Дело пошло быстрее, чем ожидалось, в первую очередь из-за давления англичан и американцев. Вначале в Лондоне, а затем и в Париже страны НАТО вели переговоры об условиях принятия Германии в Альянс. Сначала все шло по намеченному плану. 22 октября, в предпоследний день переговоров в столице Франции, Аденауэр объявил: «Мы добились соглашения по всем пунктам. Я доволен. Завтра мы санкционируем последнюю формулировку. Переговоры по вопросу Саара ведутся». На самом же деле судьба Саарской области еще не была решена. Париж хотел «европеизировать» территорию, которая со времени окончания войны де-факто находилась под французским контролем, заставив население проголосовать за это решение при помощи плебисцита. Сам Аденауэр в сущности выступал за европейский статус, но вместо народного голосования он требовал провести свободные выборы. Он знал, сколько эмоций вызывает «саарский вопрос» на родине, и поэтому считал необходимым добиться успеха по этому пункту. Но и Мендес-Франс пришел на переговоры, зная, что общественность неотступно следит за каждым его шагом. Так маленькая Саарская область стала «яблоком раздора», о которое рисковал сломать зубы вопрос о интеграции Германии в НАТО. В действительности речь шла о том, чтобы получить все или не получить ничего. Только глубокой ночью удалось принять решение. Выиграли французы. Решать судьбу Саарской области должен был плебисцит. Мендес-Франс допустил только одну оговорку: мирный договор для всей Германии, который, очевидно, должен стать делом далекого будущего, окончательно определит статус Саара.

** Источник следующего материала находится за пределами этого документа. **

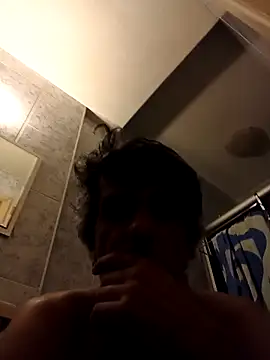 Snapshot of Fzssp chatting on April 2026 07:25:02 AM Fzssp online show from April 2026 07:25:02 AM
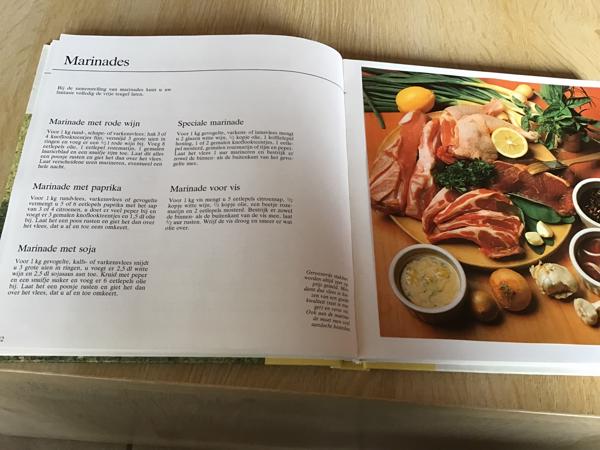 Boek ; koken in de open lucht (BBQ) LEKKERBEKKEN TOP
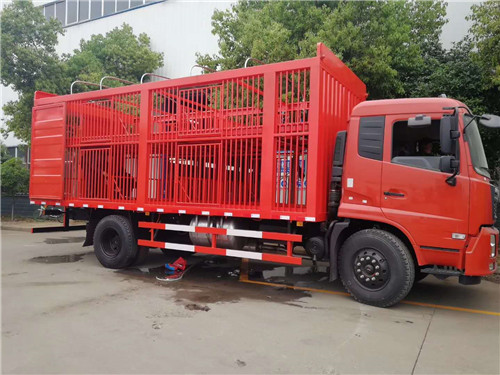 東風(fēng)天錦箱體6.75米倉(cāng)柵式運(yùn)豬車(chē)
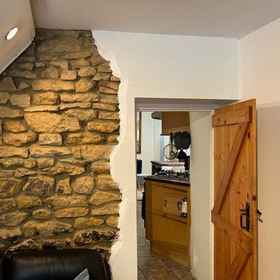 Primary image 1 Quaint High Street Cottage in Northampton, University of Northampton Hotels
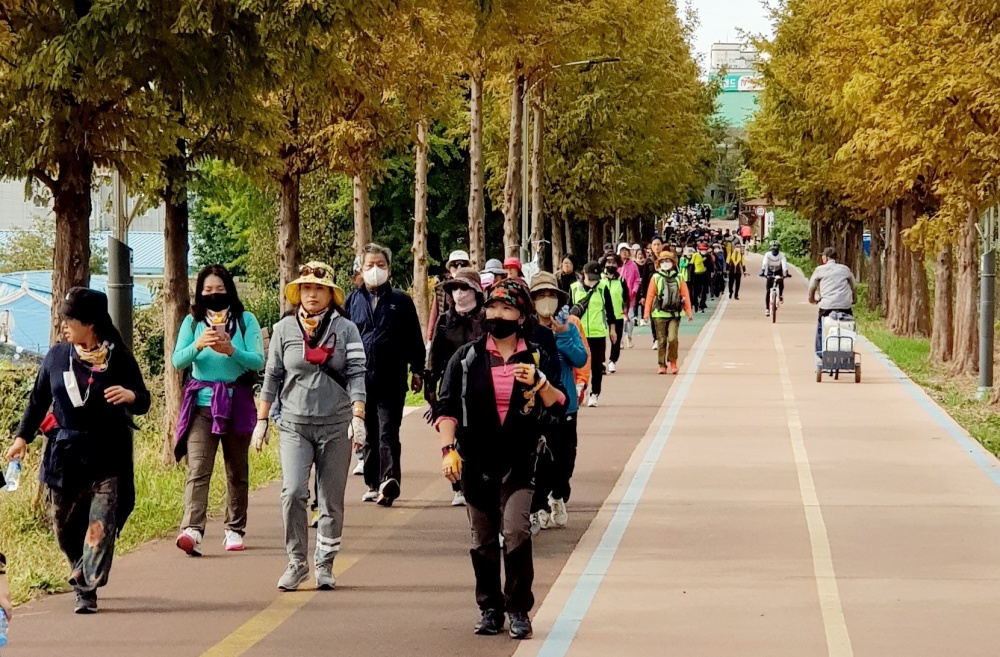 ▲ 22일 걷기좋은길 함께걸어요 행사에 시민 500여명이 참가했다.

Аденауэр в своих мемуарах искренне уверял, что в то время он был твердо убежден: «саарцы — хорошие немцы, и они знают, как им голосовать». Но это было скорее его желание, а не уверенность. Эксперты в Париже и Бонне отдали в дни принятия решения, что жители Саара будут голосовать за статус, а, значит, пожелают остаться частью Федеративной республики. Однако оппозиция в Бонне накинулась на канцлера с упреками, что он «бросил» область «на произвол судьбы», чтобы удачно завершить свою прозападную политику. То, что большинство саарцев в конечном итоге проголосовали против нового статуса, то есть за присоединение к Федеративной республике, с полным основанием было названо «невероятным фиаско». Прибыв 1 января 1957 года в Саарбрюкен на официальную церемонию, посвященную присоединению Саарланда к ФРГ, Аденауэр со всей непринужденностью продемонстрировал, что политик может пожинать плоды и там, где ничего не сеял. Тоном глубокого убеждения он заявил в микрофоны: «Это самый прекрасный день в моей жизни».